By default, the node fault metric (nt_npg) is reported to AOM. You can configure notifications such as the SMS or email on AOM.

The following steps are performed on AOM 2.0.

The nt_npg metric with type=2 represents an invalid value. The expression nt_npg{type="NT_NPU_CARD_LOSE"} !=2 is used to filter out those invalid values.

Log in to the AOM console.
In the navigation pane, choose Alarm Center > Alarm Rules. Then, click Create Alarm Rule.
Set an alarm rule. (NPU disconnection is used as an example.)
- Rule Type: Select Metric alarm rule.
- Configuration Mode: Select PromQL.
- Default Rule: Select Custom and enter the following information in the command input box:
```
sum(nt_npg{type="NT_NPU_CARD_LOSE"} !=2) by (cluster_name, node_ip,type)
```
- Alarm Rule Details > Duration: Select 1 minute, which triggers a major alarm when the rule's conditions persist continuously for one minute.
- (Optional) Alarm Notification: To get notified of alarms by email or SMS message, configure action rules for the alarm rule. If no action rule is available, you can create one.

Configuring Node Event Alarm Notifications

AOM automatically reports node fault events by default. You can set up SMS or email notifications through AOM.

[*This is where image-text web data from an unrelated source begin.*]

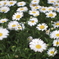 Daisy, Daisy,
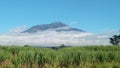 Mount Arjono, East Java Royalty Free Stock Photo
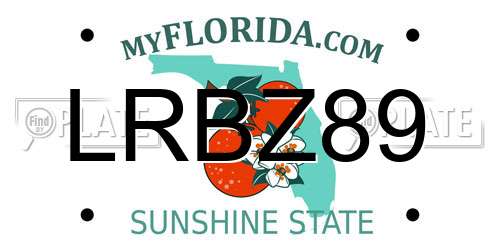 LRBZ89 Florida License Plate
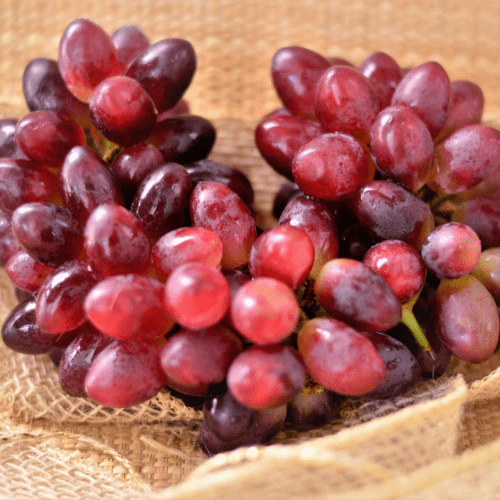 crimson seedless grape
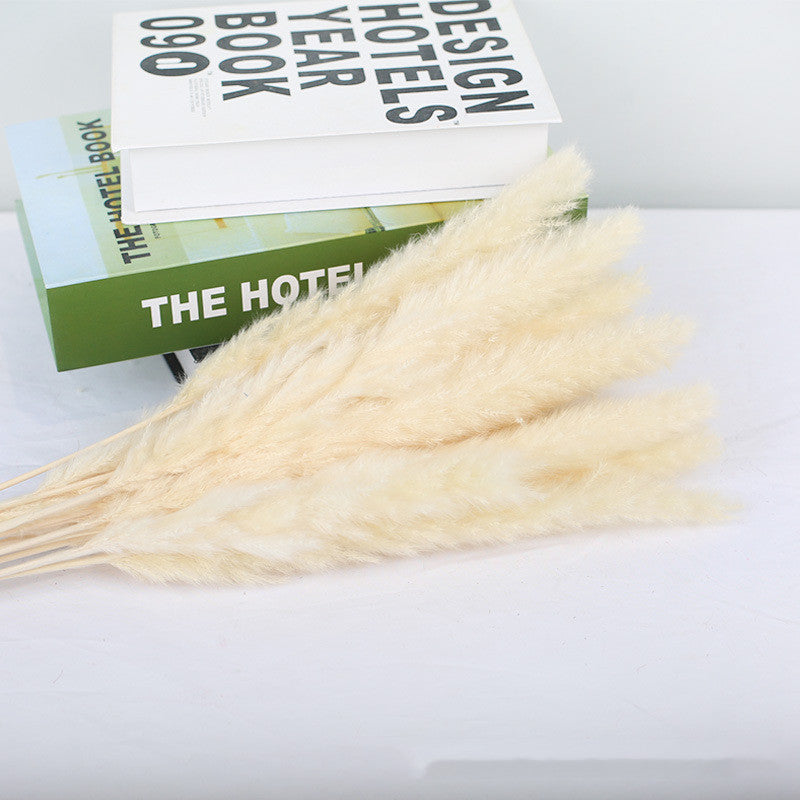 Boho Horsetail Whisk Barley Rabbit Tail Grass Small Dried Reed Flower Bouquet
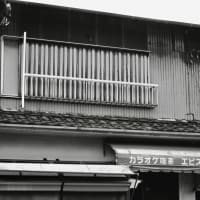 彷徨-和歌山県和歌山市：加太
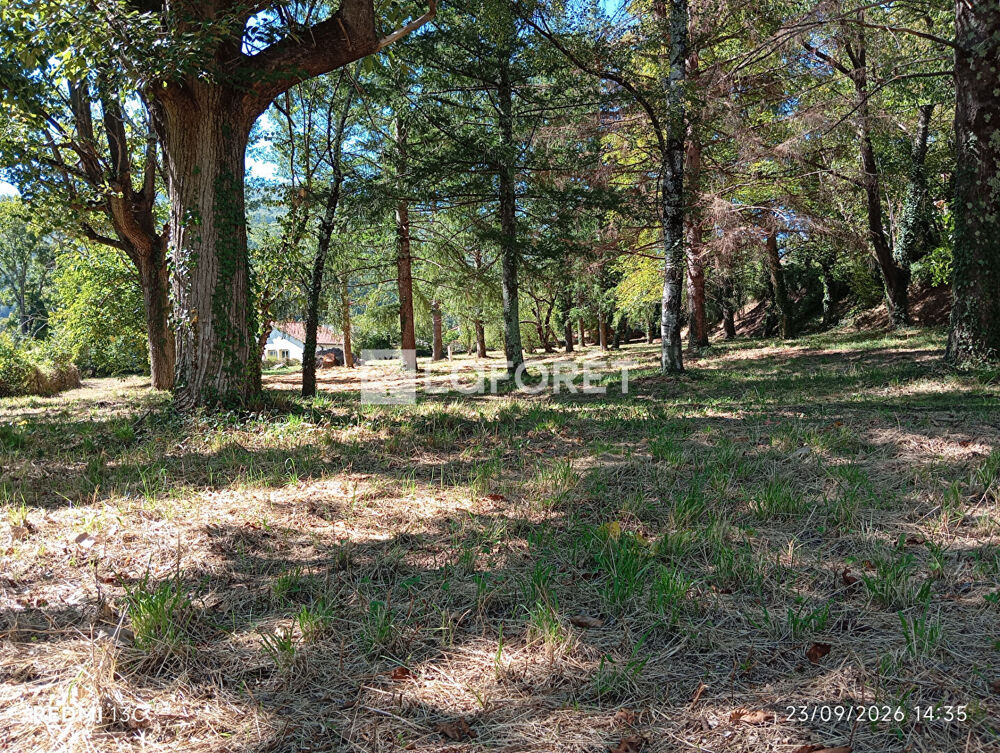 Vente Terrain ANCIEN CAMPING / 2,15 ha - PRATS DE MOLLO Prats de mollo la preste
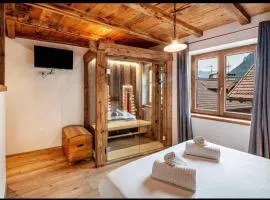 Mountain Dolomiti Apartments-Maison Perrod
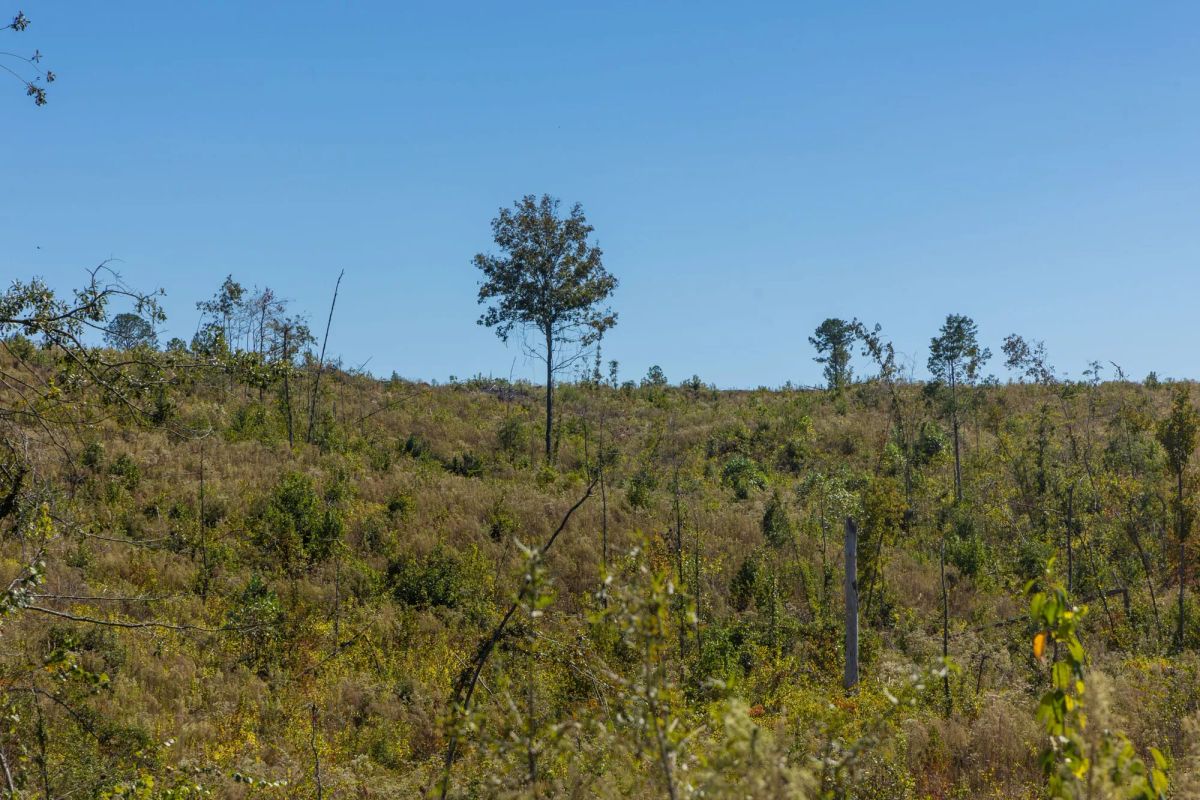 Decorative background for Meyer’s Ridge Tract 19 image 6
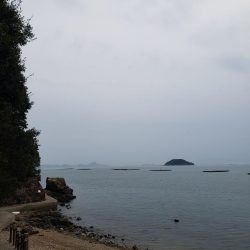 寒鰤ならぬ寒鰡‼️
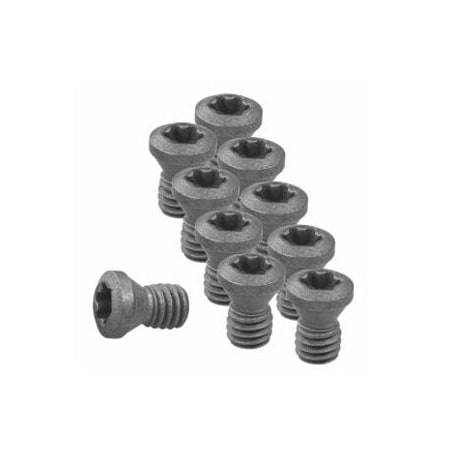 Garant Set of Insert Screws, 10 Pieces 219825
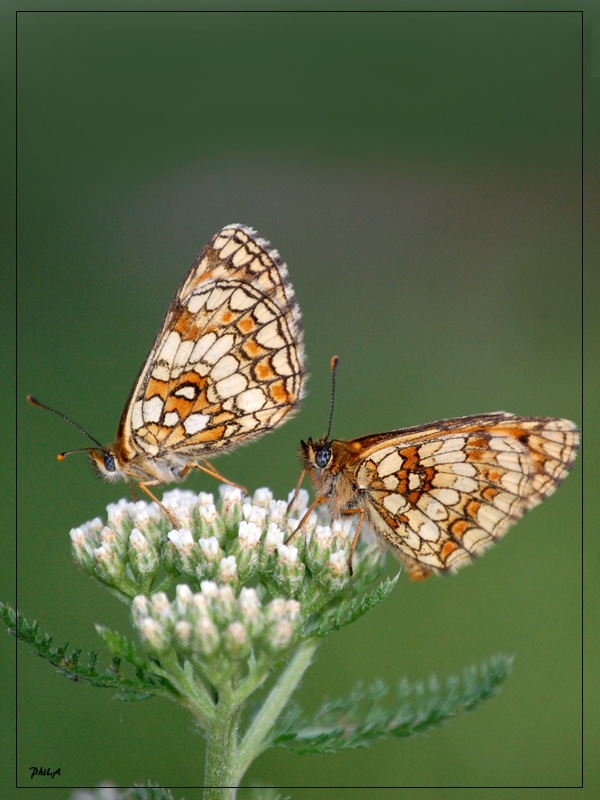 macro_20100613_12_s.jpg
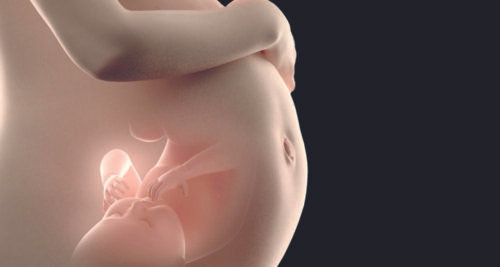 Não ao aborto. Sim à defesa da vida da mulher e do bebê - Jornal O São Paulo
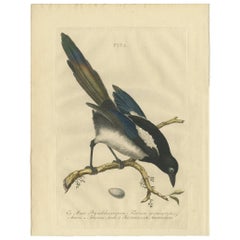 Stampa antica di uccelli della gazza di Sepp & Nozeman, 1770
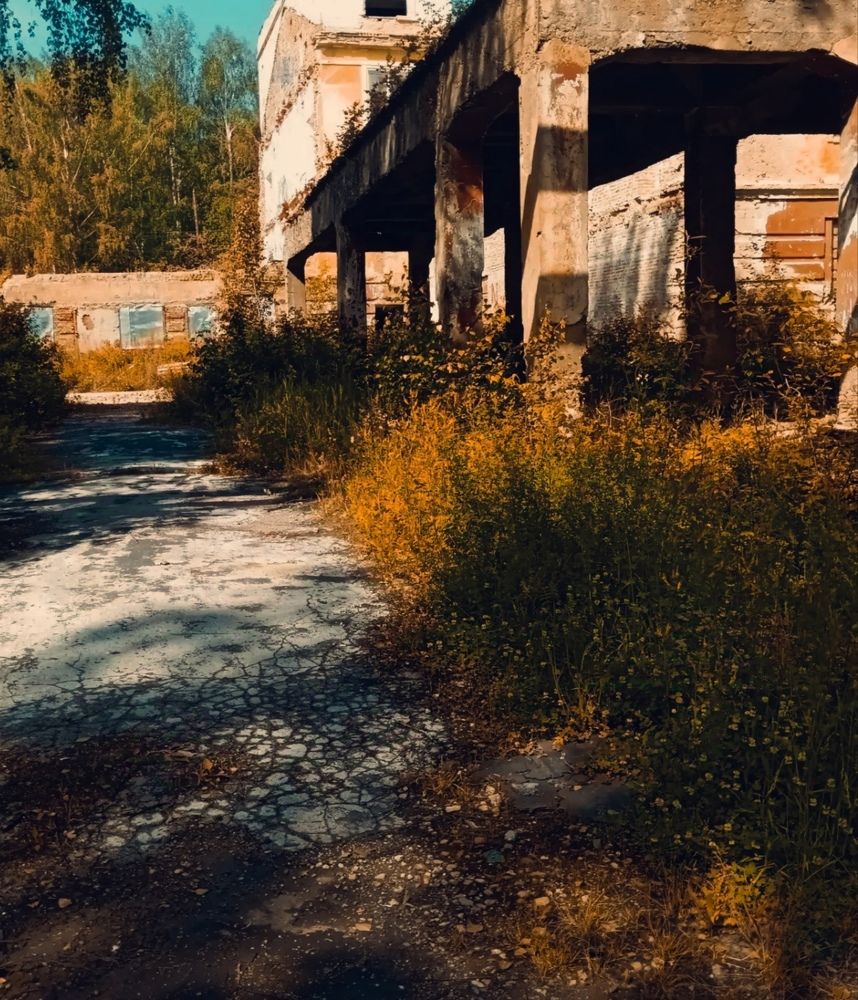 Photograph by Ярослав Рудаков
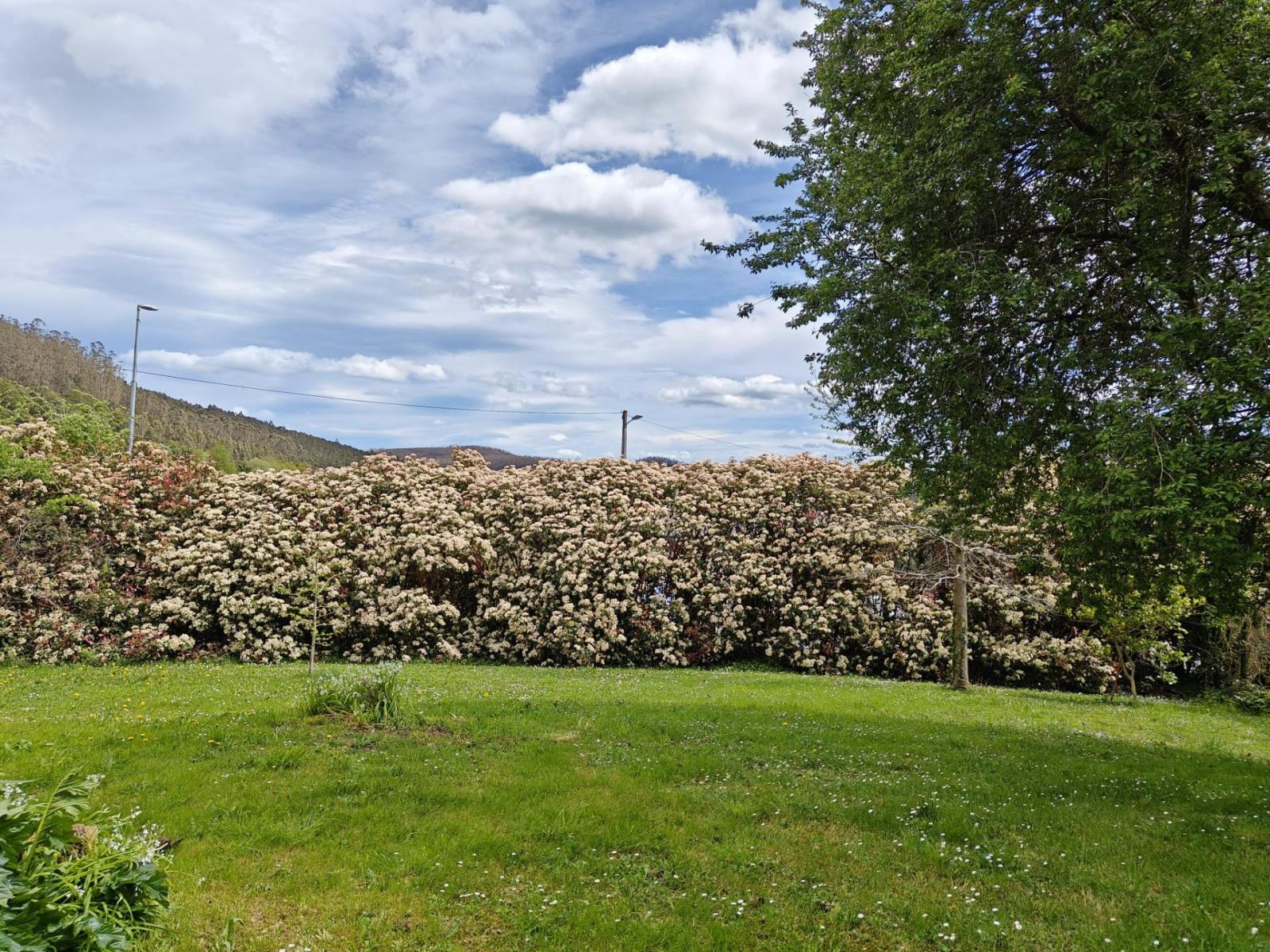 Chalet for Sale in Trabada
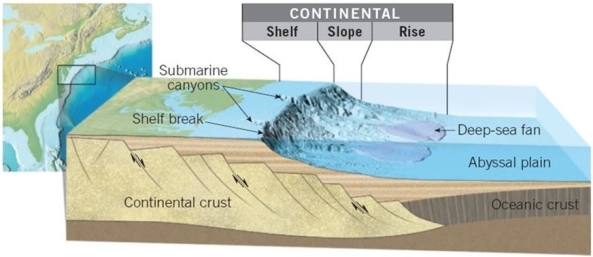 <strong> Which location possesses the continental margin in this image?</strong> A)Western margin of South America B)Eastern margin of North America C)East of Japan D)Around the Philippines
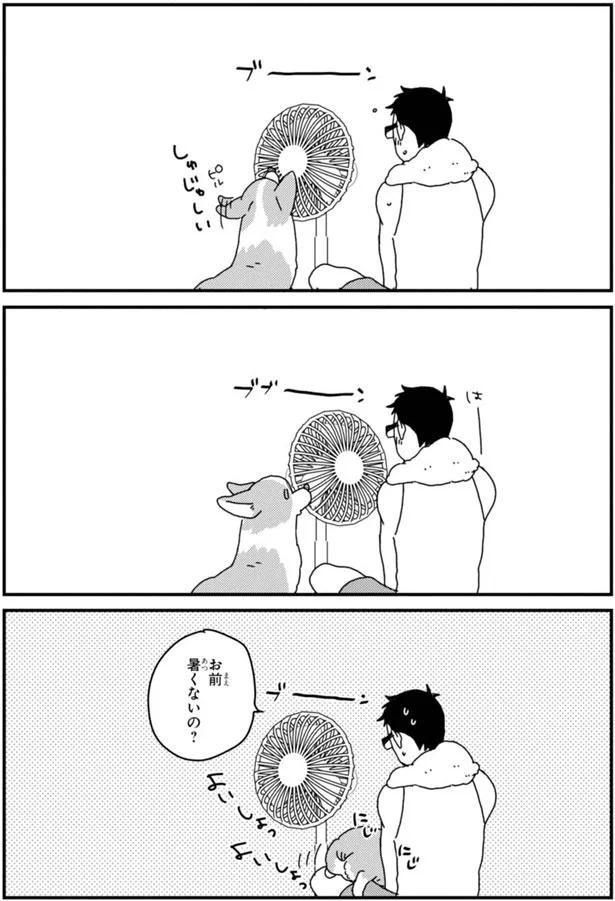 お前 暑くないの？ (C)らくだ／KADOKAWA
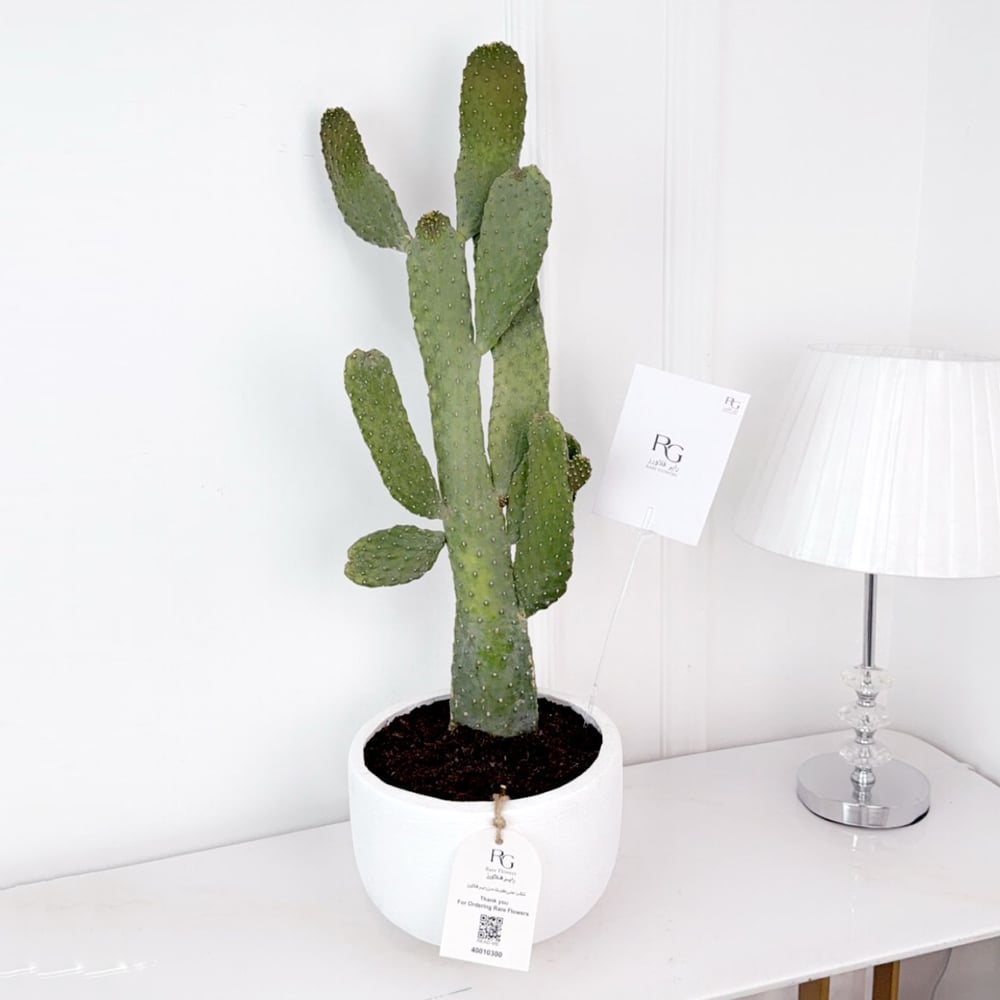Cactus Plant No.17932 - Image 1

The following steps are performed on AOM 2.0.

Log in to the AOM console.
In the navigation pane, choose Alarm Center > Alarm Rules. Then, click Create Alarm Rule in the upper right corner.
Set an alarm rule (using error code A050804 as an example).
- Rule Type: Select Event alarm rule.
- Event Type: Select System.
- Event Source: Select ModelArts.
- Monitored Object: Filter monitored objects by custom attributes. The event format is code=${Error code}.
  This example uses the code=A050804 with Trigger Mode set to Immediate Trigger.
- Alarm Mode: Select Direct alarm reporting.
- (Optional) Alarm Notification: To get notified of alarms by email or SMS message, configure action rules for the alarm rule. If no action rule is available, you can create one.